■ WORK TASK ■
Please write out the lines of the data exactly, beginning with the first and ending with the line containing "Red haired mermaid princess. png"; leave the pictures behind.

■ PROVIDED MATERIAL ■
::::::::::

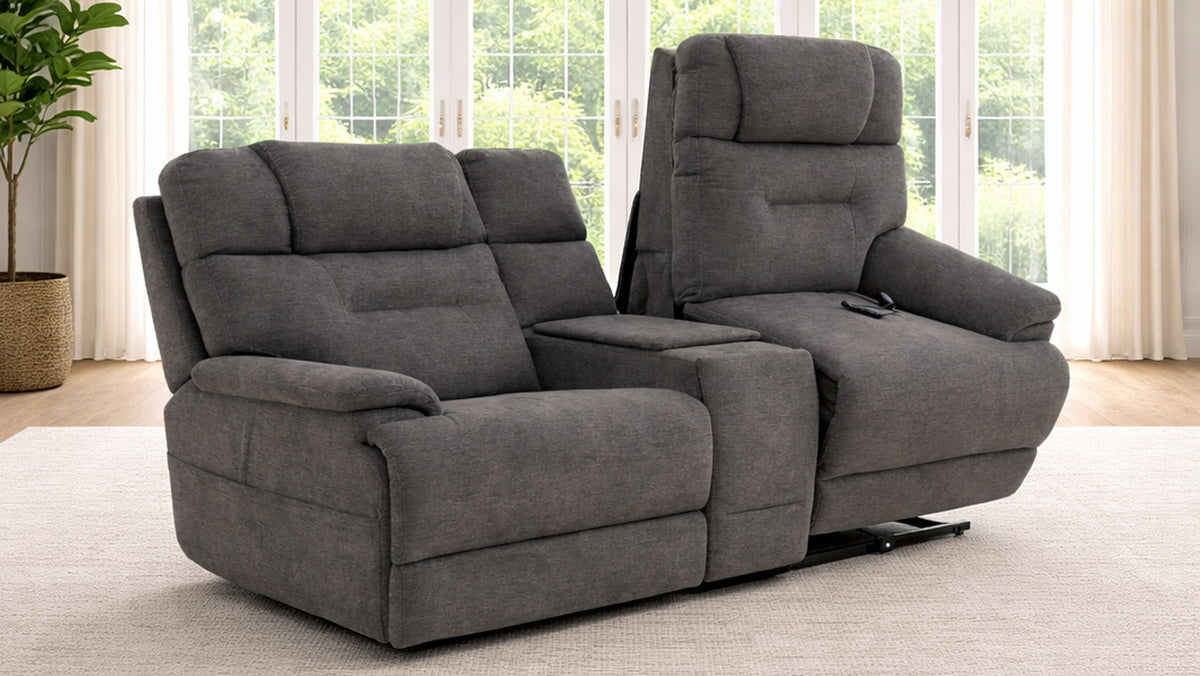 MacZcliner Umber Grey Dual Power Lift Reclining Loveseat with Console – Assistive Sleep Chair | Gallery Furniture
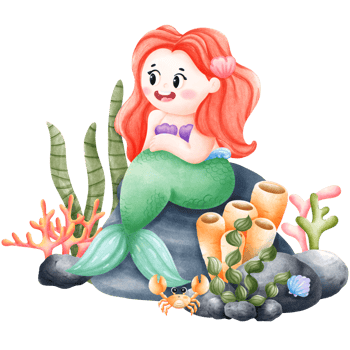 Red haired mermaid princess. png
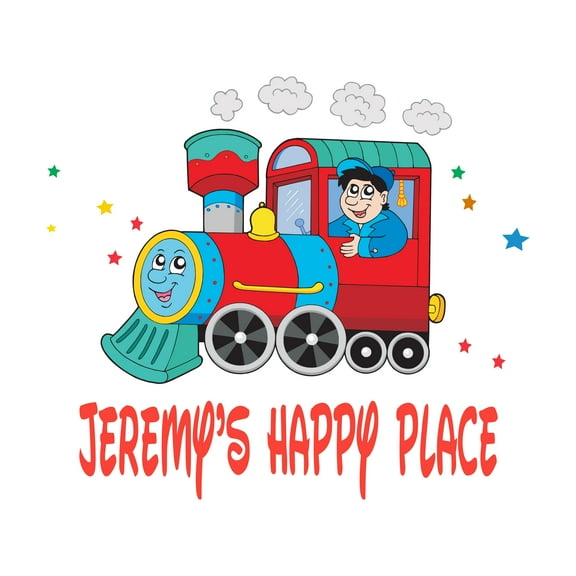 Personalized Name Cartoon Wall Decal Kid in Train Driving it Custom Name Bedroom Wall Decal for boys and girls Train Themed Kids Room Décor - Size: 20 In x 18 In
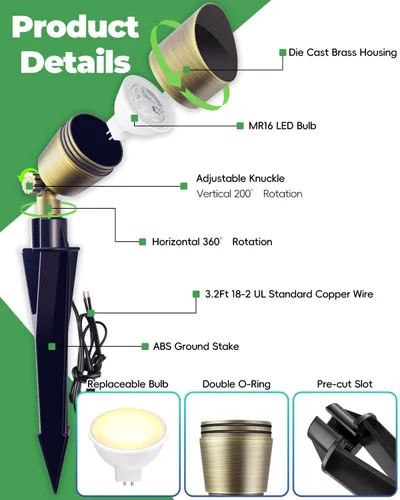 Miniatura 7 de Luz de paisaje de latón de bajo voltaje, foco sólido para exteriores con bombilla LED MR16 reemplazable de 5 W, 2700 K blanco cálido, iluminación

::::::::::

■ RESULT OF THIS TASK ■
 MacZcliner Umber Grey Dual Power Lift Reclining Loveseat with Console – Assistive Sleep Chair | Gallery Furniture
 Red haired mermaid princess. png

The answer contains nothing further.